Frequently Asked Questions
What is child sexual abuse?
Child sexual abuse occurs when a person engages a child (under the age of 18) in acts to satisfy their sexual desires.
Who is a sexual offender?
Nobody knows. Offenders come in all shapes, professions, socio-economic classes, and races. However, most sexual offenders are known by the child and not strangers.
What do I do if my child tells me he/she was abused?
It is critical that your child feels believed and supported once they have made a disclosure of abuse. Having a caregivers support will promote your child’s emotional stability. Assess your child’s health to see if medical attention is necessary. All child abuse must be reported to officials whether it be Law Enforcement or Department of Family and Children Services. It is important that your child is allowed to communicate about their abuse. However, it is imperative that you not interrogate your child. Reassure your child it is not their fault and validate their feelings.

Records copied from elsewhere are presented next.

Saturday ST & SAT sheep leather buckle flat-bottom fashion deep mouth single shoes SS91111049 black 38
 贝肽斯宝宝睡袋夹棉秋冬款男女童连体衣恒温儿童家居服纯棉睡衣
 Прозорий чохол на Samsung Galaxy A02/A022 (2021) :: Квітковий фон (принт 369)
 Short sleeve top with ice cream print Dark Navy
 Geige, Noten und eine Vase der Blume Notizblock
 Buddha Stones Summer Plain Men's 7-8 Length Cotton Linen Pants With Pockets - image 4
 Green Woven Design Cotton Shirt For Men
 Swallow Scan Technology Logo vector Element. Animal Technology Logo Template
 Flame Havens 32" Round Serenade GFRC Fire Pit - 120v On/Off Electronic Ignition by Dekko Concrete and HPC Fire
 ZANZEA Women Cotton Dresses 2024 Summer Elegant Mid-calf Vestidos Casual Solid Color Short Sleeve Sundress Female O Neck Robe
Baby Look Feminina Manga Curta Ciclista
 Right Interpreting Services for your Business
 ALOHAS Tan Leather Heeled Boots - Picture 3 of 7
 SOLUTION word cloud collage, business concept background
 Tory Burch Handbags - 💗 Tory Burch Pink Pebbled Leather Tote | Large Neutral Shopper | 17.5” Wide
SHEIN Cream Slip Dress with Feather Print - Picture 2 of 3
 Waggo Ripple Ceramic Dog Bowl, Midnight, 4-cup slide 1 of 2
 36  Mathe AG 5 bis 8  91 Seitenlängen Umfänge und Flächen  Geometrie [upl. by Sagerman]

How should I tell my child about a forensic interview?
Tell your child that they will be meeting with a special person who talks to kids. Tell your child that even though they have told things to you (or someone else), it is important that the information is given to someone who can help.
What is a Multi-Disciplinary Team (MDT)?
All child abuse cases are investigated by a team of professionals including the Children’s Advocacy Center, Law Enforcement, Department of Family and Children Services, District Attorney’s Office, Sexual Assault Nurse Examiner, and Mental Health Professional. Each month these team members meet to discuss the investigation and follow up of every case. These professionals place the needs and best interest of the child before any personal or professional goals.
What is a SANE exam?
Sexual Assault Nurse Examiners are specially trained nurses that look for evidence of sexual assault on a child’s body. The exam involves a regular check-up of the body with a magnification tool. This exam should not be traumatic to the child. An exam may not indicate if a child has been abused.
What is a Children's Advocacy Center?
Children’s Advocacy Centers (CAC) were established to reduce the trauma involved with child abuse investigations. CAC’s strive to create a child-friendly environment where a child and the non-offending caregiver can come to receive intervention and support services.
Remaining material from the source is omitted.